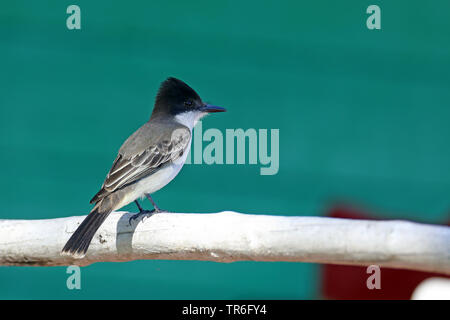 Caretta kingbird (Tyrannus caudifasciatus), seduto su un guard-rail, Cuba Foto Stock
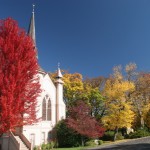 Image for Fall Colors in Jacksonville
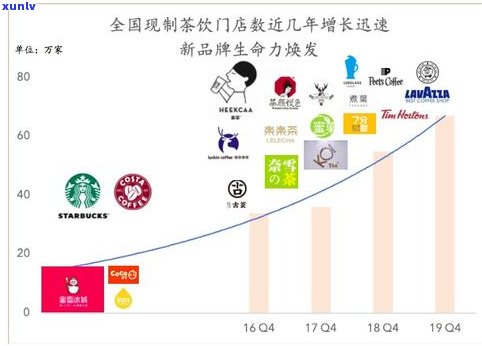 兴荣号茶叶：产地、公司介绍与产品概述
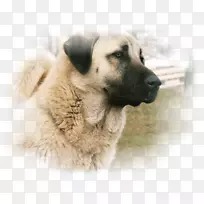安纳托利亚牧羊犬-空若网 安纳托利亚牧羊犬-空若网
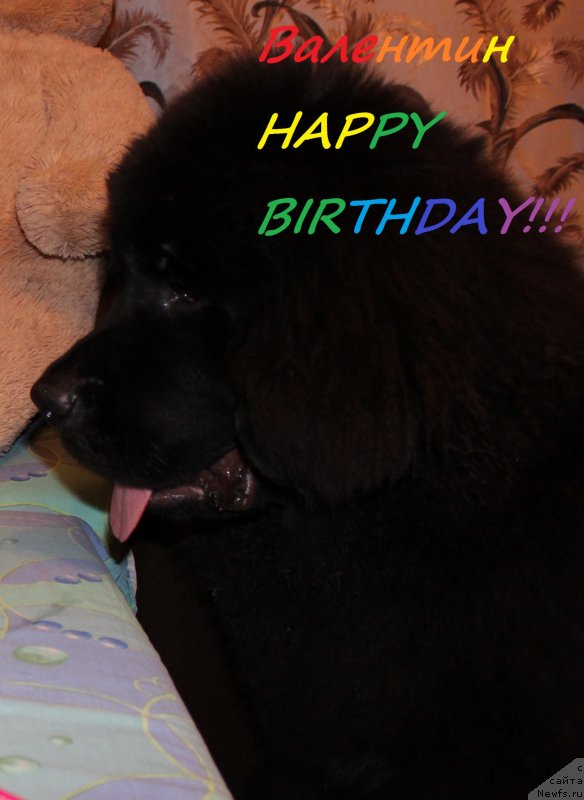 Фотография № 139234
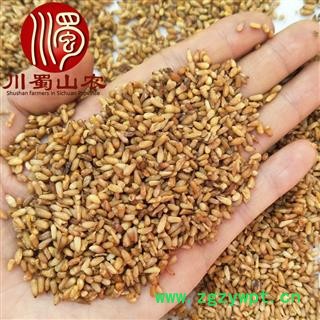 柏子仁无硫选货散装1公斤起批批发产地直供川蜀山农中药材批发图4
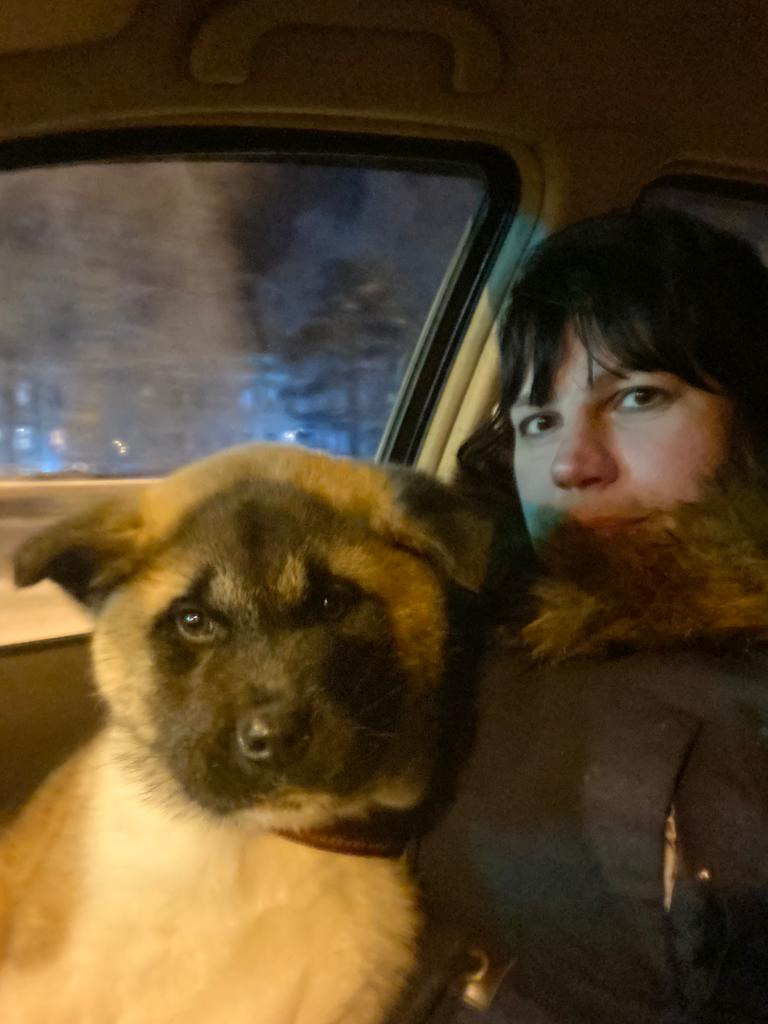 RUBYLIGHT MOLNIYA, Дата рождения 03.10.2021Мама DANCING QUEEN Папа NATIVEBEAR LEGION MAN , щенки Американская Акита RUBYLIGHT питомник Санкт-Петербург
...
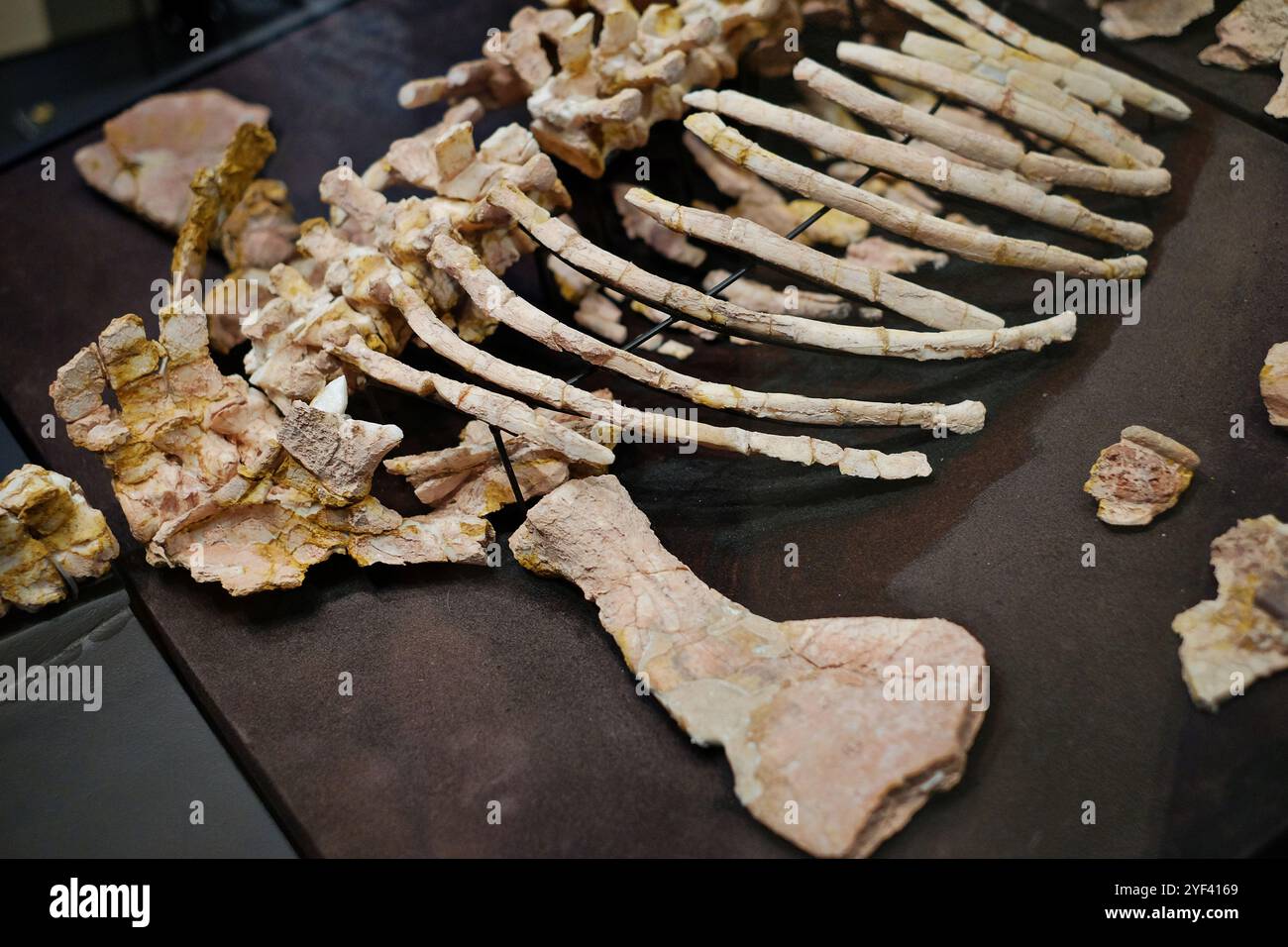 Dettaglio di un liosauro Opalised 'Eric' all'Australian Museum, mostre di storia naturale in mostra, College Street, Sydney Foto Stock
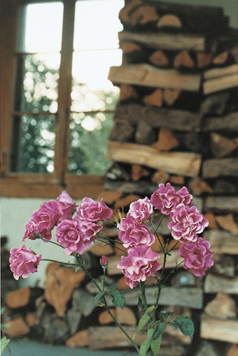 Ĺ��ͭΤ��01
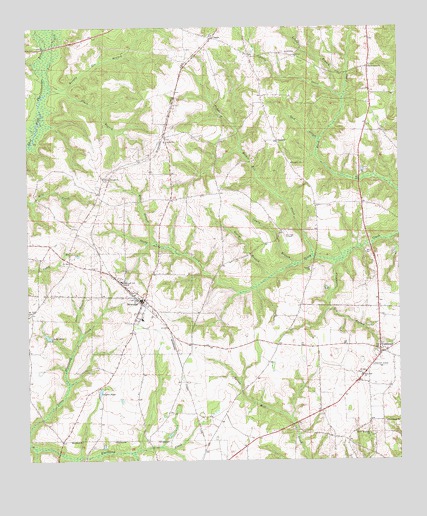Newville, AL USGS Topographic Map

## Exercise prompt
Repeat the lines above exactly, beginning with the one containing "Caretta kingbird (Tyrannus" and finishing with the one containing "RUBYLIGHT MOLNIYA, Дата". No pictures belong in the copy.

## Exercise solution
 Caretta kingbird (Tyrannus caudifasciatus), seduto su un guard-rail, Cuba Foto Stock
 Image for Fall Colors in Jacksonville
 兴荣号茶叶：产地、公司介绍与产品概述
安纳托利亚牧羊犬-空若网 安纳托利亚牧羊犬-空若网
 Фотография № 139234
 柏子仁无硫选货散装1公斤起批批发产地直供川蜀山农中药材批发图4
 RUBYLIGHT MOLNIYA, Дата рождения 03.10.2021Мама DANCING QUEEN Папа NATIVEBEAR LEGION MAN , щенки Американская Акита RUBYLIGHT питомник Санкт-Петербург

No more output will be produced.